Just like the movies, here’s the sequel a year later. After 21 Valentine’s Days with my husband, I guess I get to act like I know what I’m talking about, so here are this year’s tips.
Do Stuff Together
It’s so important to find activities that you enjoy doing together. For a lot of years, the only option we had was putting the kids to bed at 8:00 and watching TV or playing cards. And now that our kids are much bigger and we are much older, we still love doing it and even need it—just in our recliners now! It is nice, though, to be able to just take off for the day together sometimes. We also have found it enjoyable to spend time together at our kids’ activities. Many evenings and weekends have been spent together on the sidelines. Getting together with our friends, either with or without all of our children, is another activity we both enjoy. We share a favorite fiction author and mutually enjoy a few others. Pursuing our faith together is important to us, so I participate in the Sunday morning church class and service he leads. I know some people who actually enjoy working out together! There’s no wrong or right here, just make a point to do stuff together. Quality and quantity both matter.
Do Stuff Separately
Yes, two become one, but you’re still you, and you can’t be you if you never have your own thing. My husband struggles to find the time, but I wholeheartedly encourage him to go fly fishing when he gets the chance. Sometimes he goes by himself, and other times he goes with his friends. Rarely do I tag along, certainly not without some convincing!
I have taken up crochet in the last year. My man supports me in this and encourages me to attend my crochet club meetings, but it’s not something he will ever find himself doing! It’s imperative to note that I couldn’t survive without my close circle of girlfriends. The time spent on Girls Nights Out and group messaging is invaluable.

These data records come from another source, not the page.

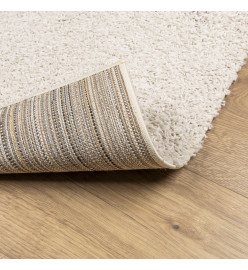 Tapis shaggy à poils longs moderne crème 300x400 cm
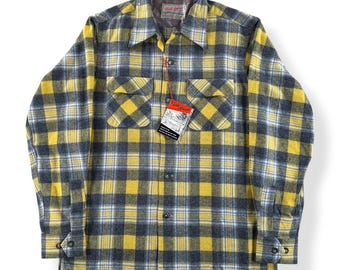 Vintage NOS Field & Stream Wool Blend Flannel SZ M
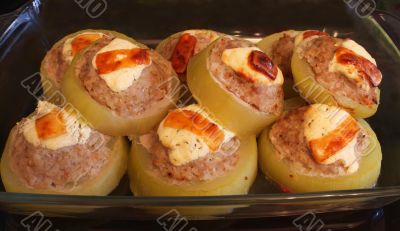 stuffed zucchini stuffed zucchini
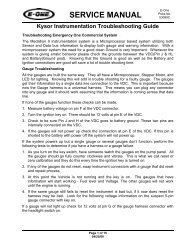 Kysor Instrumentation Troubleshooting Guide - Tay Vaughan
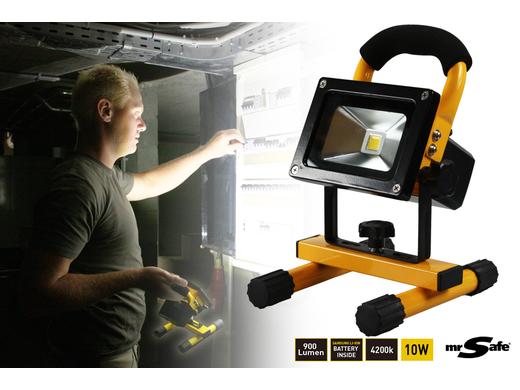 iBood - Mr. Safe compacte oplaadbare 10W schijnwerper iBood - Mr. Safe compacte oplaadbare 10W schijnwerper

In addition to the authors my husband and I both enjoy, we each have books we like that the other just won’t touch. Even though we study and worship together on Sundays, our separate ministries are important to us as well. On Wednesdays, he leads an in-depth Bible study, and I lead a Women’s Bible study group.
Your relationship will benefit from the time spent apart, especially if you take the opportunity to do the stuff you enjoy. The adage is true for even the briefest of periods: absence does make the heart grow fonder.
Let It Go
This one’s a bit different than the other two, but it correlates to last year’s tips. If you’re going to practice forgiveness in marriage, you have to be willing to let go of a lot of things. One of the hardest of those is the need to be right or to prove your point. Often it doesn’t matter how right you are, it just isn’t worth the fight.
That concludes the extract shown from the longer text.